┌──
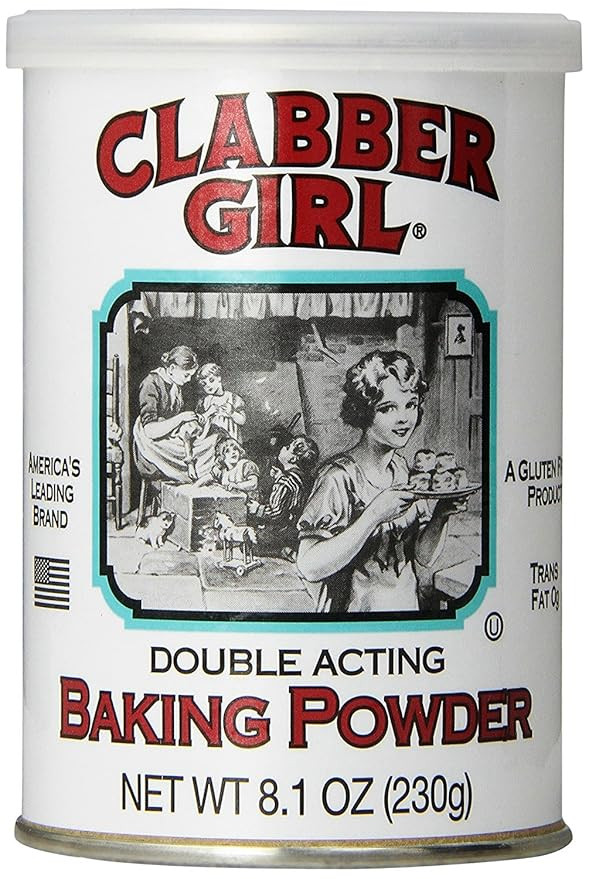 Clabber Girl Double Acting Baking Powder, 8.1 Ounce | Amazon (US)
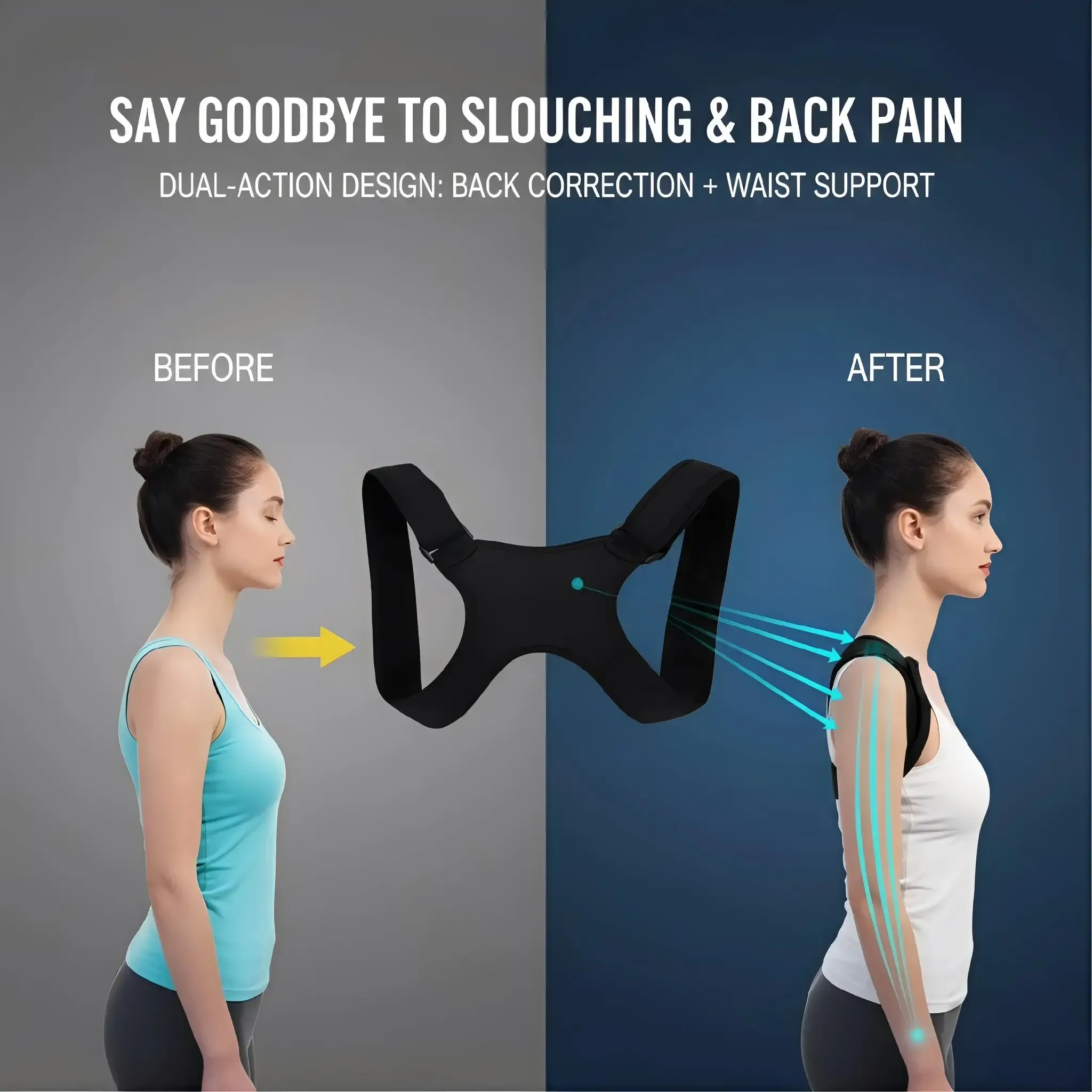 Ceinture de soutien dorsal ajustable pour une meilleure posture 5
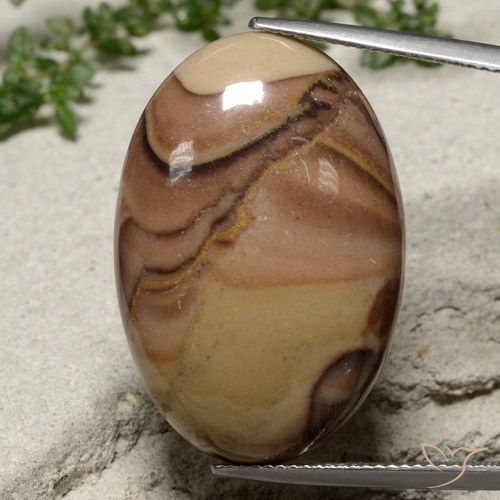 25.96ct 天然 マルチカラー 碧玉, 楕円形, オペーク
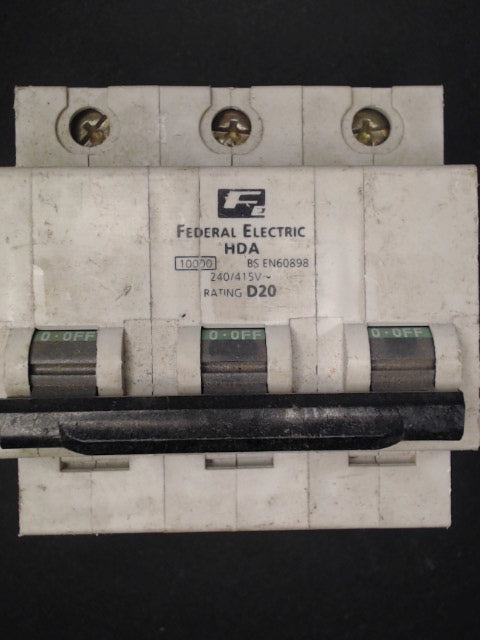 Federal Electric HDA3P20 20A MCB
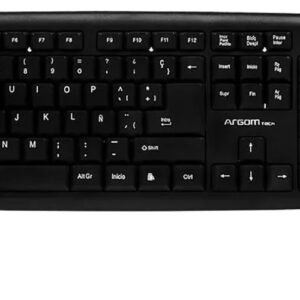 Combo Teclado Y Mouse Usb Argomespañol Arg-kb-7418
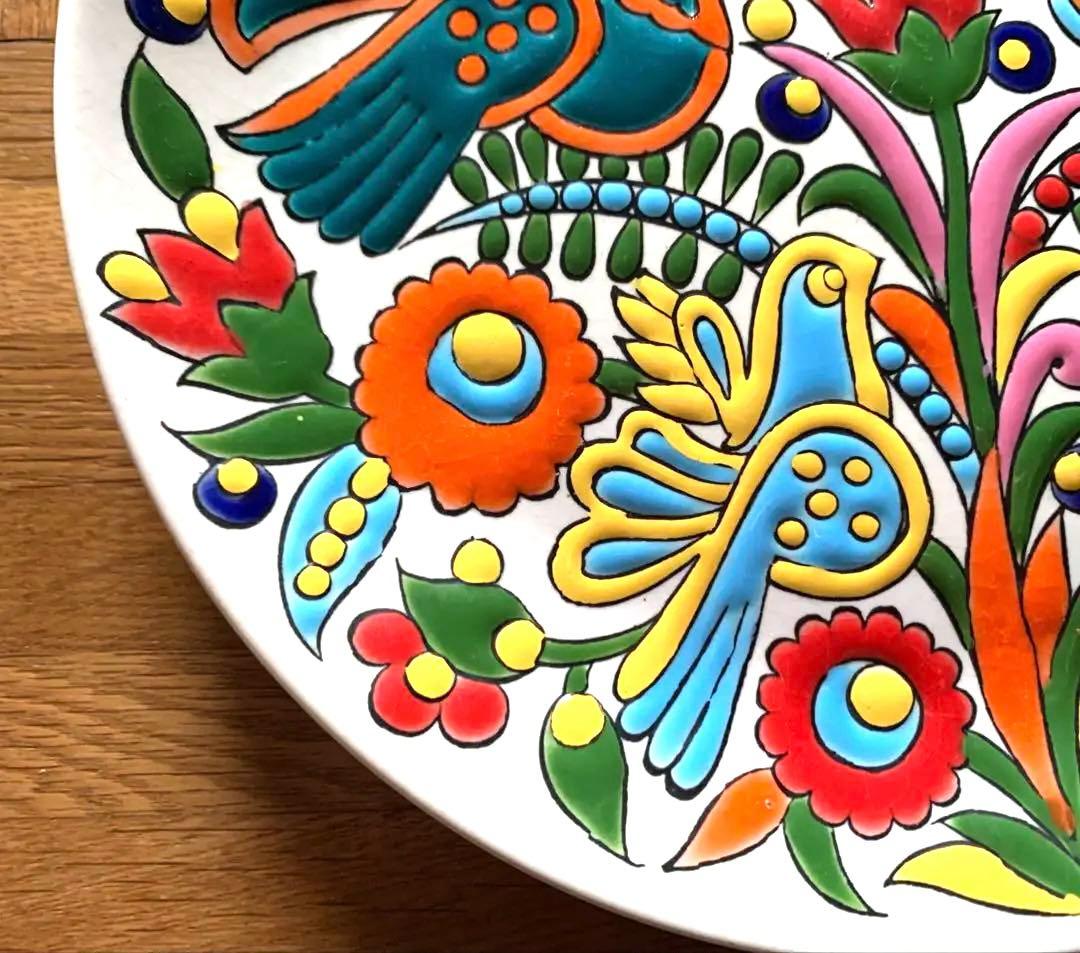 ヴィンテージ　Tassoulis作　セラミック製　壁掛けプレート　ギリシャ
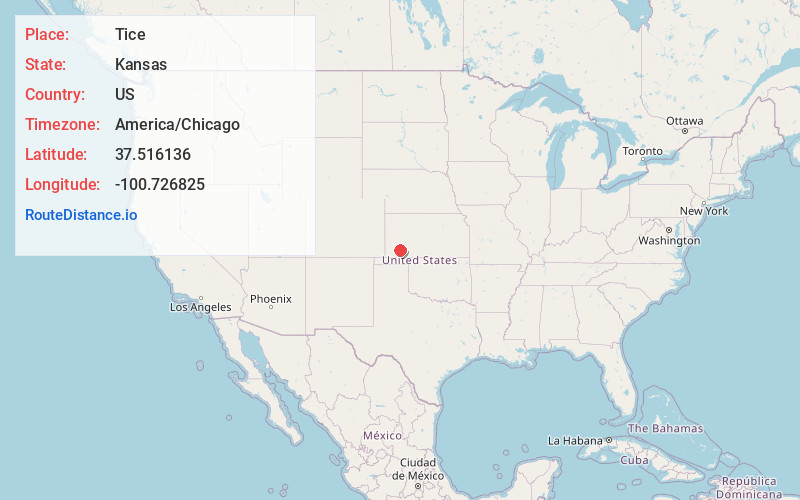 Map of Tice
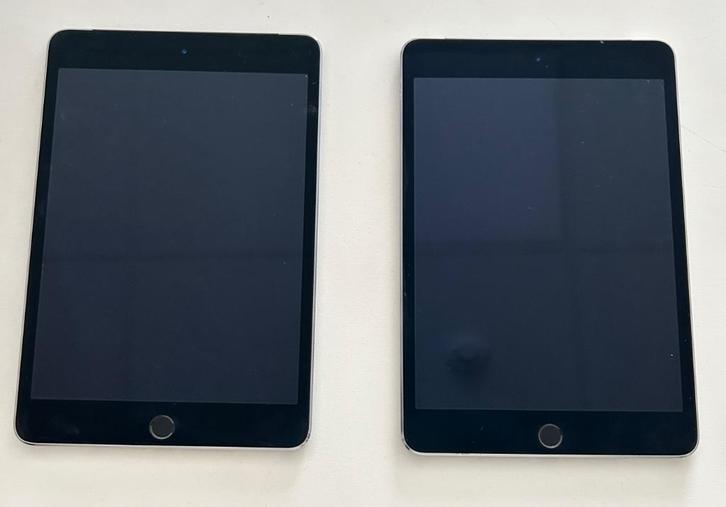 Apple iPad mini 4 Wi-Fi + Cellular 128 Go (2 unités), Computers en Software, Tablet-hoezen, Gebruikt, Ophalen
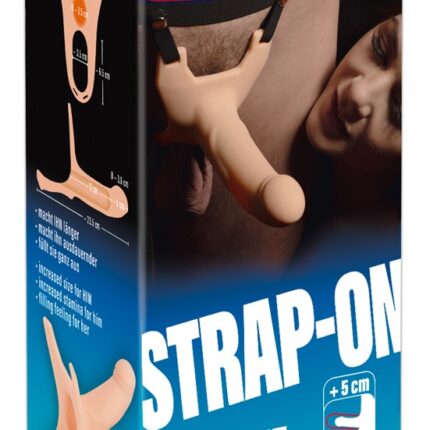 Proteza penisa pusta strapon sztuczny członek 16cm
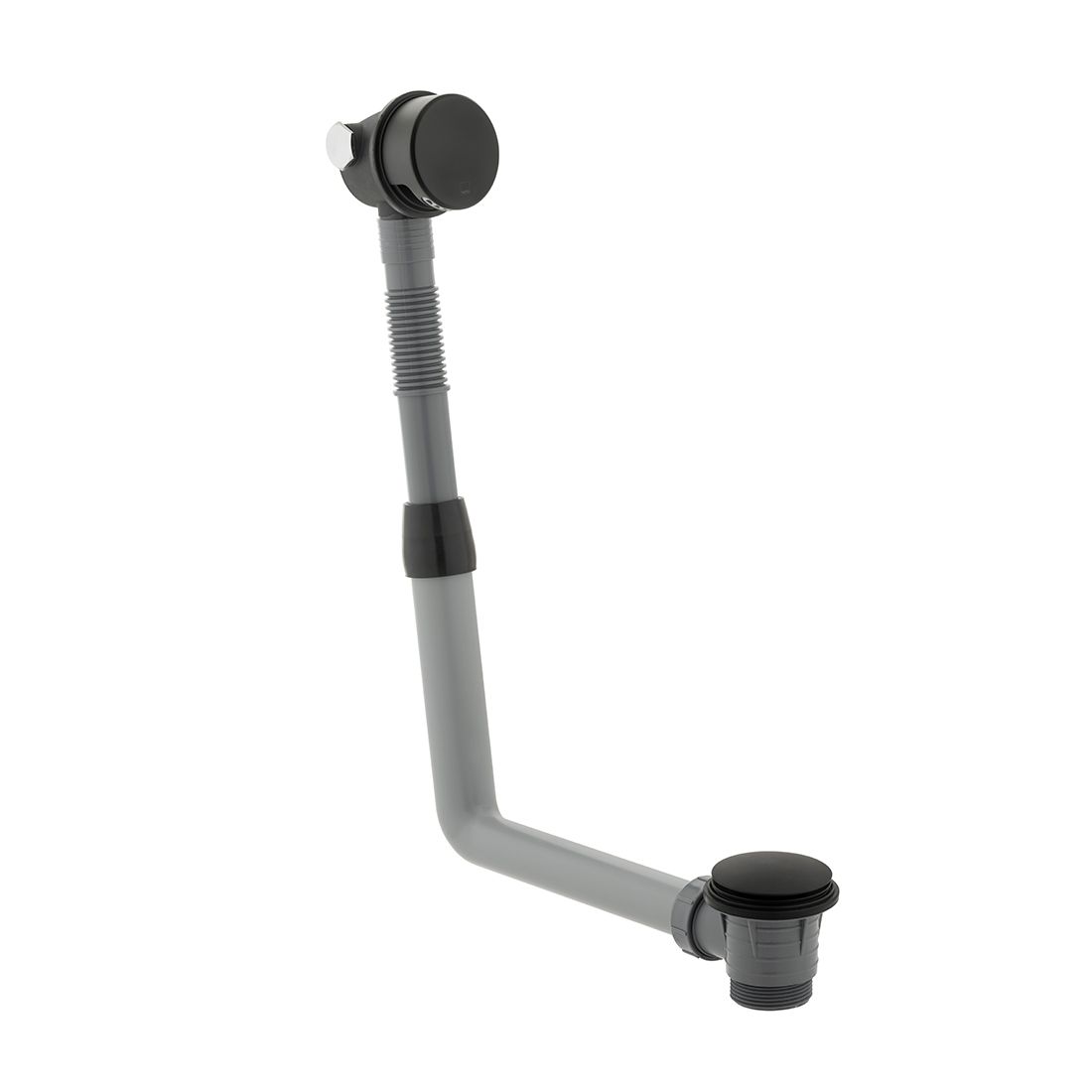 Vado Round Clic-Clac Bath Filler Waste and Overflow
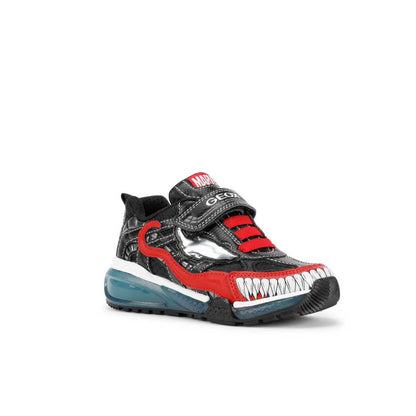 GEOX J26FEC BLACK RED C0048 Sneakers Bambino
└──
§ **Your task**
When you return the records, keep every word unchanged and drop the pictures.

§ **Written answer**
 Clabber Girl Double Acting Baking Powder, 8.1 Ounce | Amazon (US)
 Ceinture de soutien dorsal ajustable pour une meilleure posture 5
 25.96ct 天然 マルチカラー 碧玉, 楕円形, オペーク
 Federal Electric HDA3P20 20A MCB
 Combo Teclado Y Mouse Usb Argomespañol Arg-kb-7418
 ヴィンテージ　Tassoulis作　セラミック製　壁掛けプレート　ギリシャ
 Map of Tice
 Apple iPad mini 4 Wi-Fi + Cellular 128 Go (2 unités), Computers en Software, Tablet-hoezen, Gebruikt, Ophalen
 Proteza penisa pusta strapon sztuczny członek 16cm
 Vado Round Clic-Clac Bath Filler Waste and Overflow
 GEOX J26FEC BLACK RED C0048 Sneakers Bambino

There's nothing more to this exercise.